• EXTRACTED DATA

—————

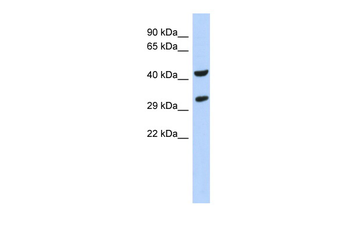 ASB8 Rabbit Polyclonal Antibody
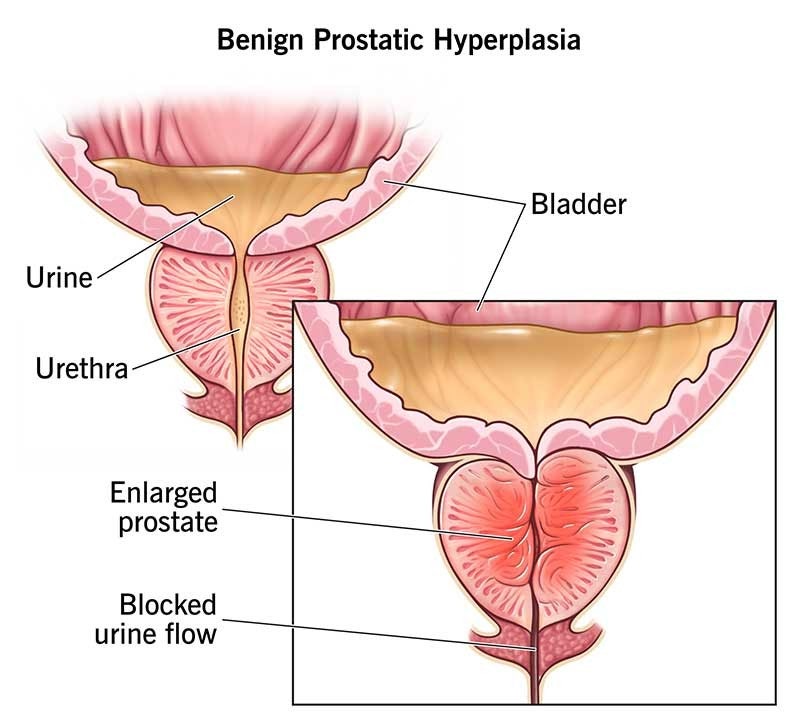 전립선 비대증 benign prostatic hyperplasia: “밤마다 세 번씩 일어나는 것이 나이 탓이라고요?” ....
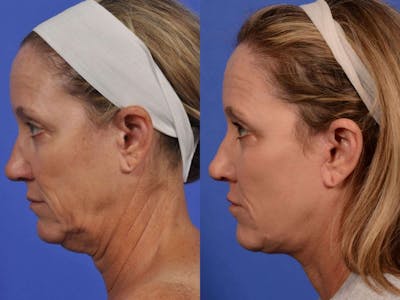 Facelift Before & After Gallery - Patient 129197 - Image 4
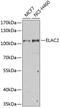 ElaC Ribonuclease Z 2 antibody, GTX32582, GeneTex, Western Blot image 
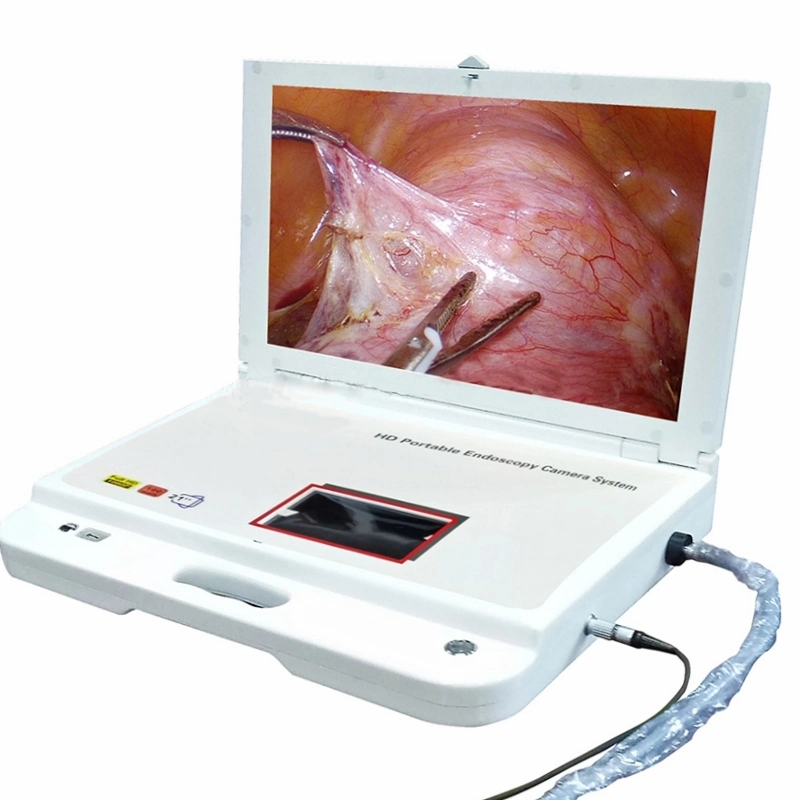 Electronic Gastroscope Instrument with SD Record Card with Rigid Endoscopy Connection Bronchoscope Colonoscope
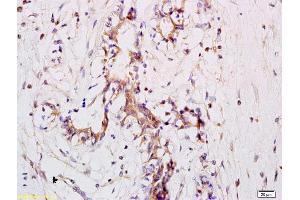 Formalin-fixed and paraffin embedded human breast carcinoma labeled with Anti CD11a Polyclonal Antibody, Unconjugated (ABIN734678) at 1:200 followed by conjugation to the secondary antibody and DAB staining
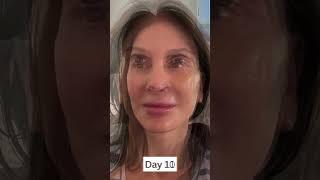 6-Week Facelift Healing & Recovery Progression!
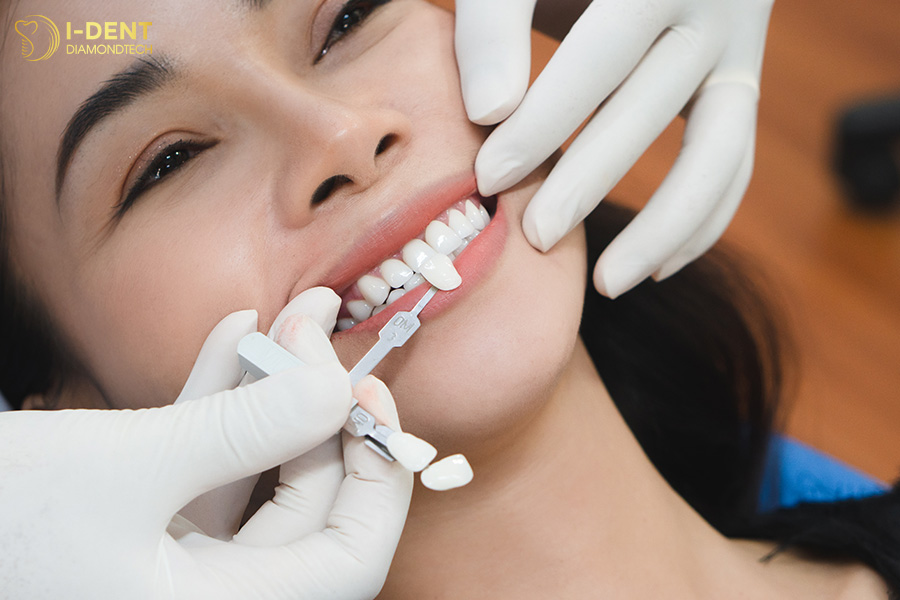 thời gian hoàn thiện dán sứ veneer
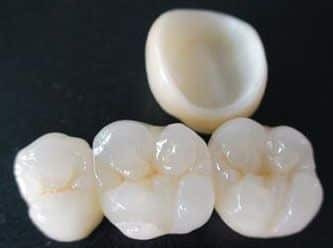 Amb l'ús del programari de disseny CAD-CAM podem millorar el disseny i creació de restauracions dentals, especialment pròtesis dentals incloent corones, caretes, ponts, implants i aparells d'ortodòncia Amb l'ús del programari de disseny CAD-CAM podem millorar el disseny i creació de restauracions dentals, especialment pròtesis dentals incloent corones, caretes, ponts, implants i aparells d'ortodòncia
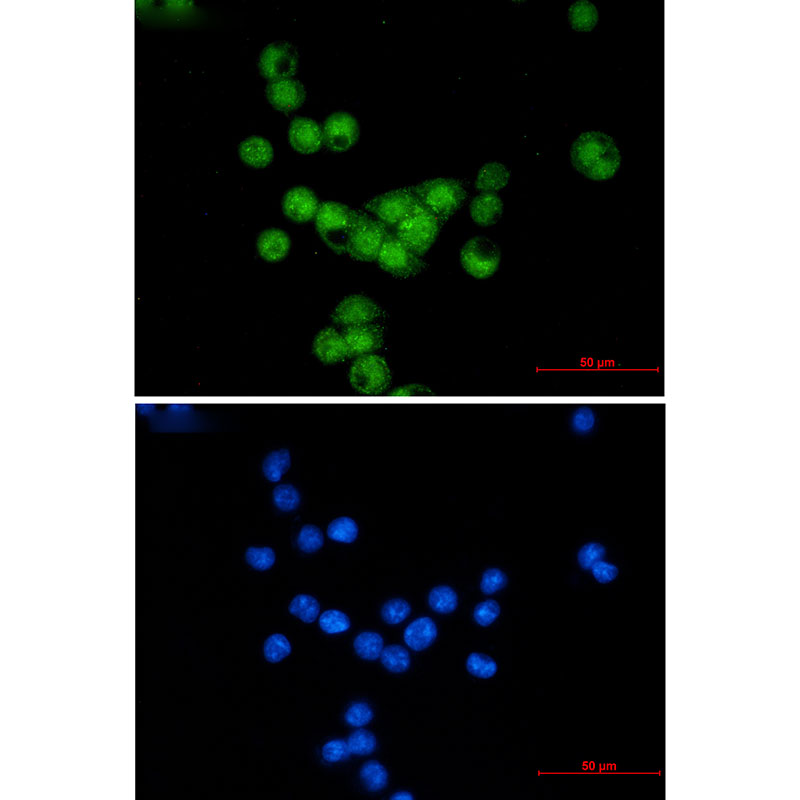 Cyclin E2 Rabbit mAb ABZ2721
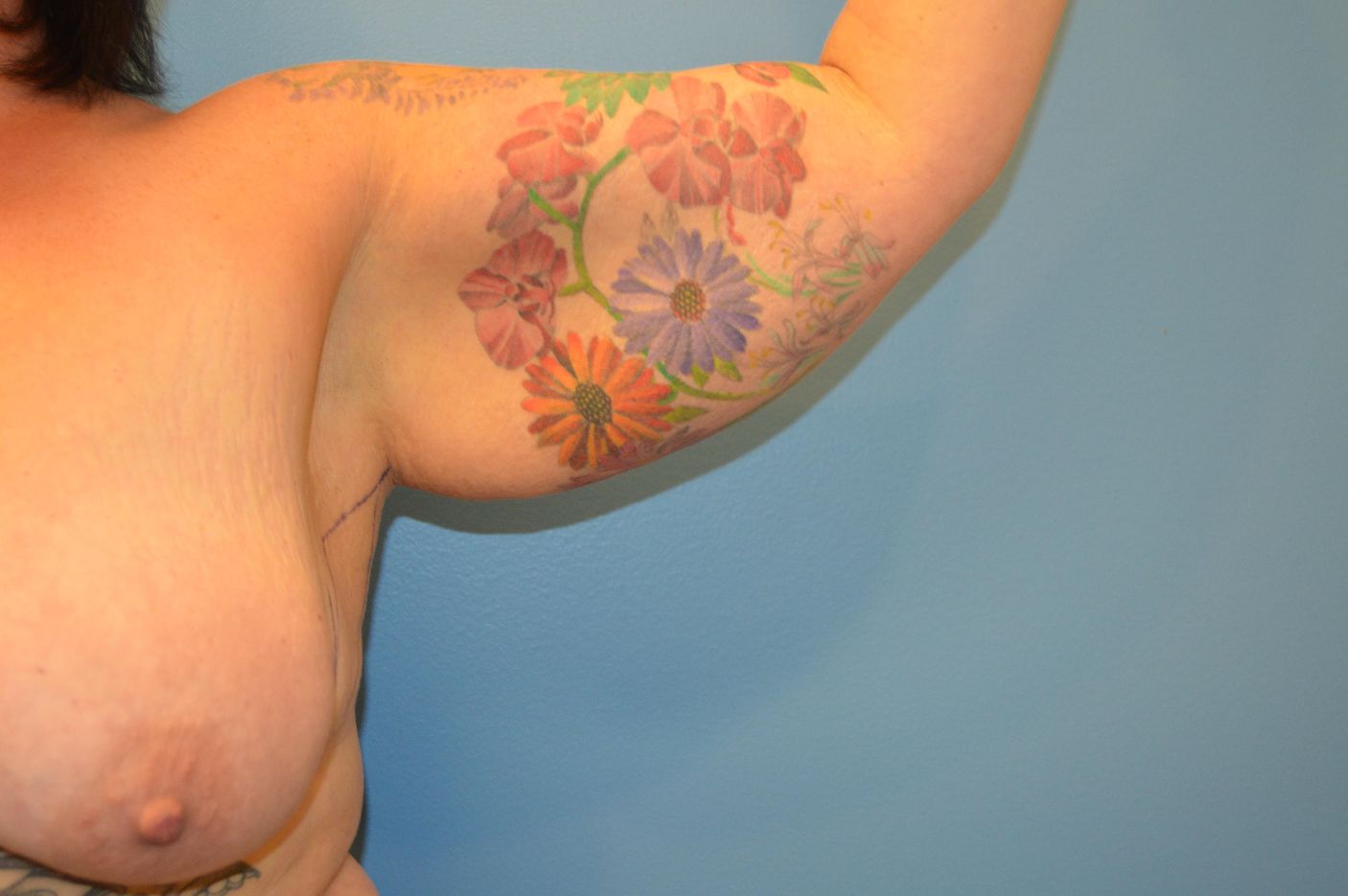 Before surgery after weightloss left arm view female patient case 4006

—————

• WHAT IS REQUIRED
Retype, word for word, the lines from the one with "aparells d'ortodòncia Amb" through the last line of the entries above, and only those lines. Leave pictures out.

• REPLY
 Amb l'ús del programari de disseny CAD-CAM podem millorar el disseny i creació de restauracions dentals, especialment pròtesis dentals incloent corones, caretes, ponts, implants i aparells d'ortodòncia Amb l'ús del programari de disseny CAD-CAM podem millorar el disseny i creació de restauracions dentals, especialment pròtesis dentals incloent corones, caretes, ponts, implants i aparells d'ortodòncia
 Cyclin E2 Rabbit mAb ABZ2721
 Before surgery after weightloss left arm view female patient case 4006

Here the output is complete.